Image-caption web data -
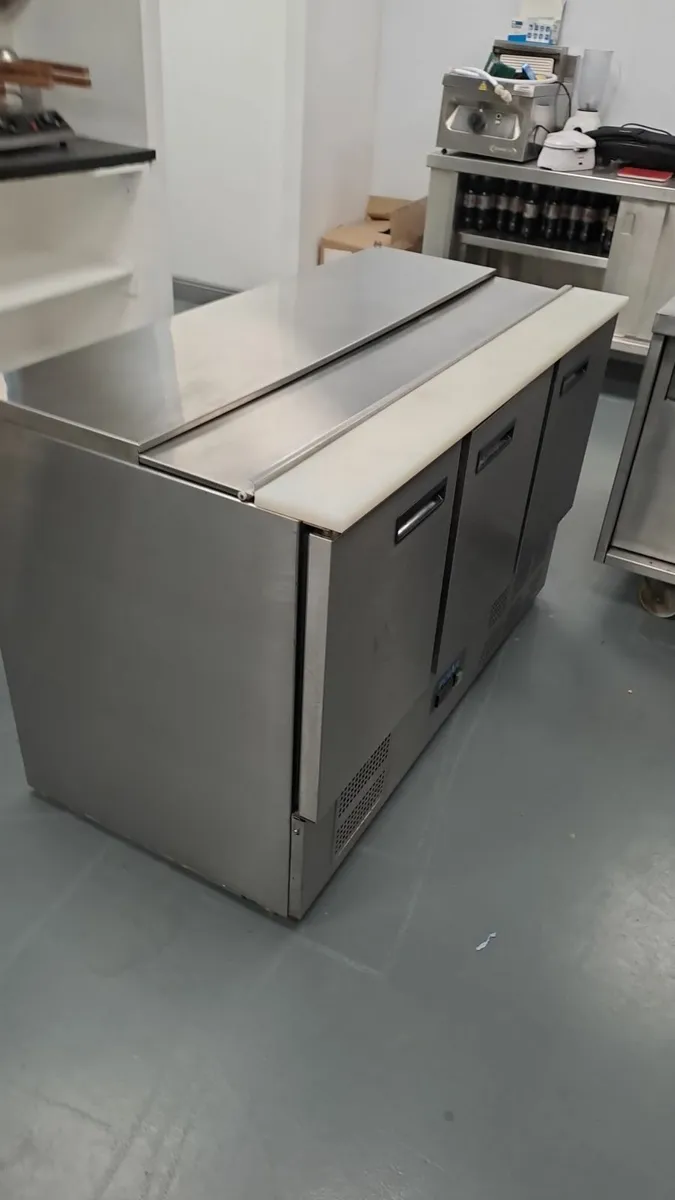 3 door refrigerated toppings unit stainless steel - Image 2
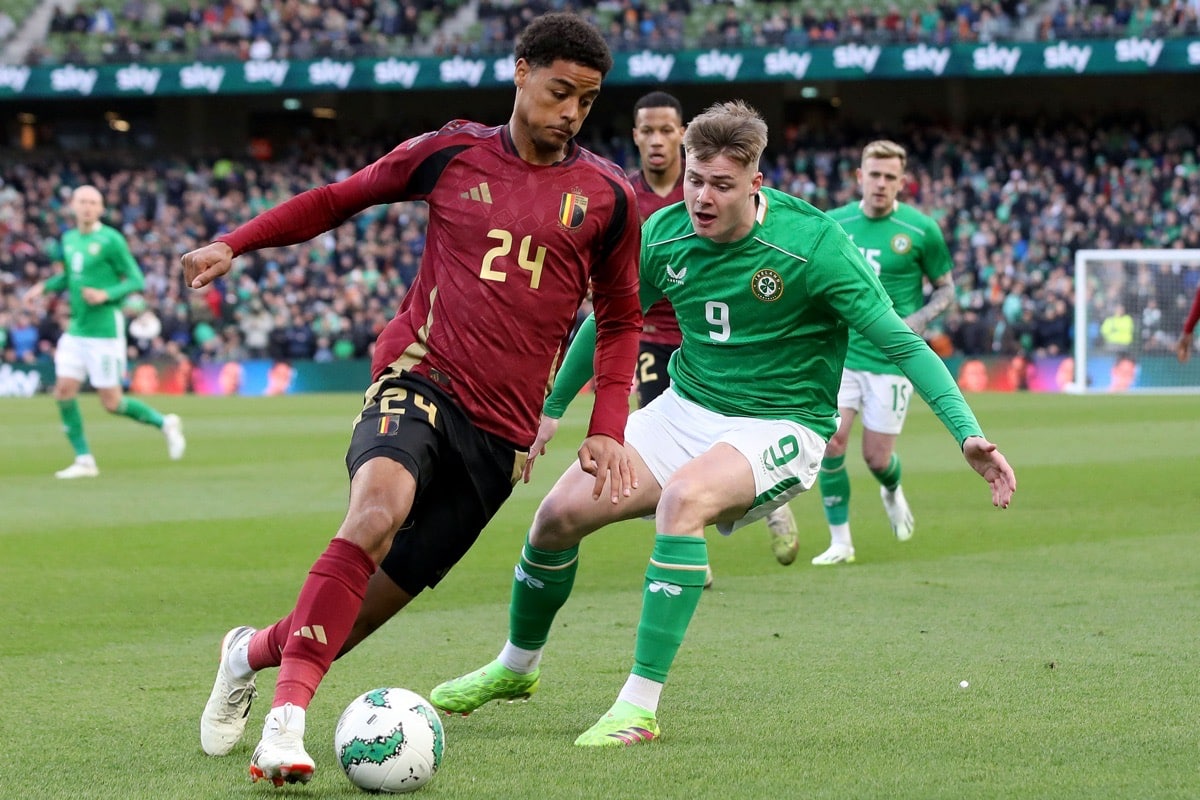 Im neuen Belgien Heimtrikot 2024 von Adidas! Der belgische Verteidiger (Nr. 24) Koni De Winter (L) und der irische Stürmer (Nr. 09) Evan Ferguson (R) während des Freundschaftsspiels zwischen der Republik Irland und Belgien am 23. März 2024. (Foto: PAUL FAITH / AFP)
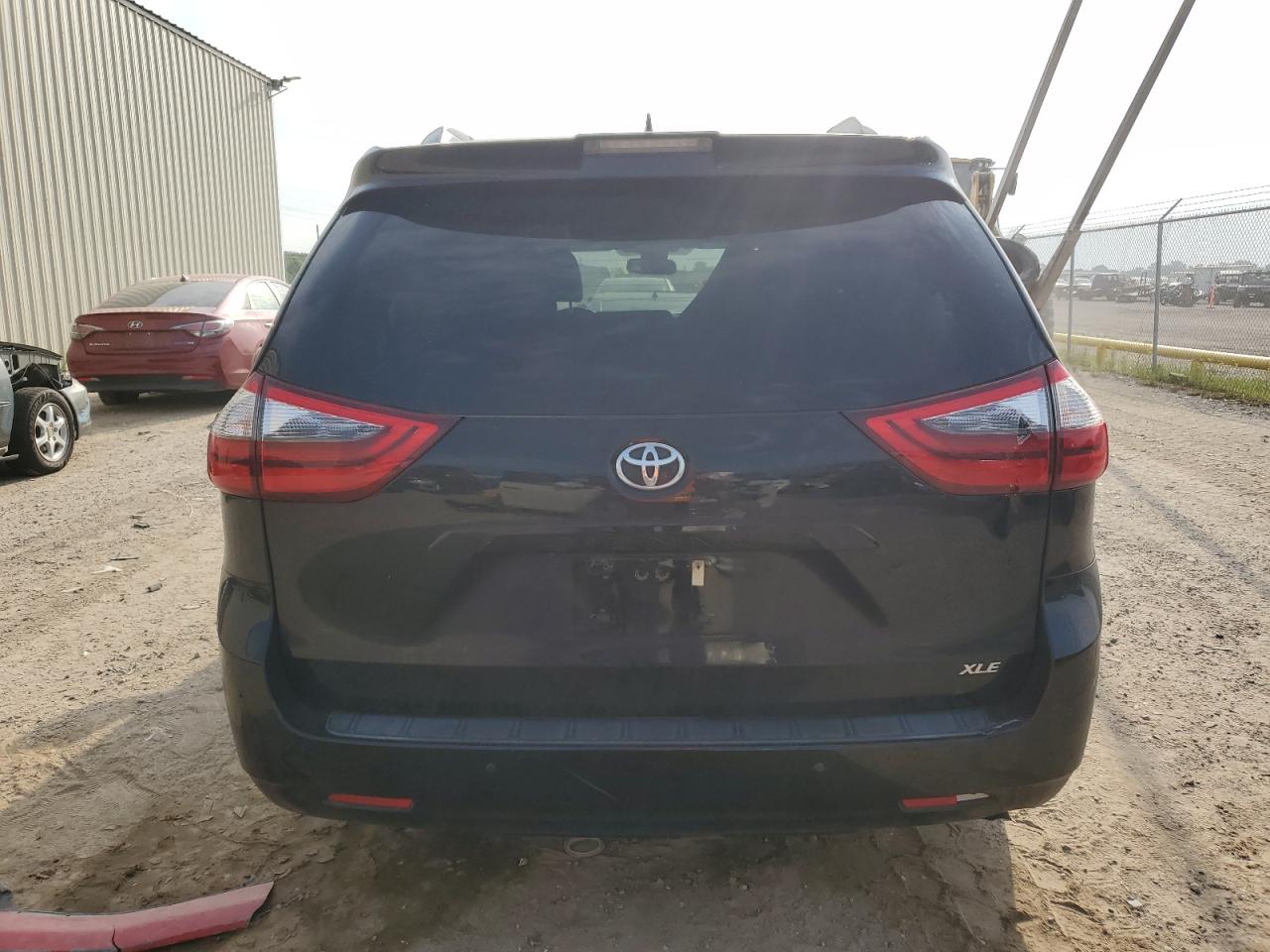 5TDYZ3DC0LS049828 2020 Toyota Sienna Xle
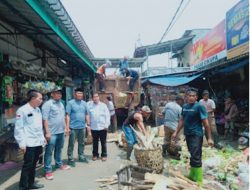 Ali Makbud Kepala Desa Cikupa Bersama Yanto,S ( Arab ) Kepala Pasar Tradisional Cikupa Gelar Penertiban Pedagang Kaki Lima
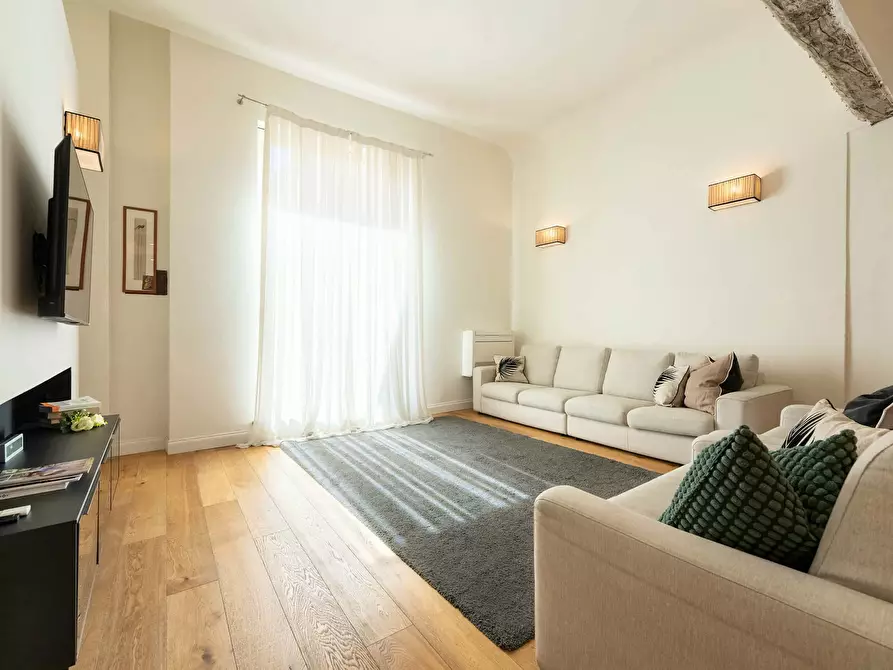 Immagine 10 di Appartamento in affitto  in Via dè Tornabuoni a Firenze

WHAT IS REQUIRED - A word-for-word copy of the lines from the one containing "Im neuen Belgien" through the last line of the records is what is wanted, without pictures and without any other line.

RESPONSE TO THE TASK -
 Im neuen Belgien Heimtrikot 2024 von Adidas! Der belgische Verteidiger (Nr. 24) Koni De Winter (L) und der irische Stürmer (Nr. 09) Evan Ferguson (R) während des Freundschaftsspiels zwischen der Republik Irland und Belgien am 23. März 2024. (Foto: PAUL FAITH / AFP)
 5TDYZ3DC0LS049828 2020 Toyota Sienna Xle
 Ali Makbud Kepala Desa Cikupa Bersama Yanto,S ( Arab ) Kepala Pasar Tradisional Cikupa Gelar Penertiban Pedagang Kaki Lima
 Immagine 10 di Appartamento in affitto  in Via dè Tornabuoni a Firenze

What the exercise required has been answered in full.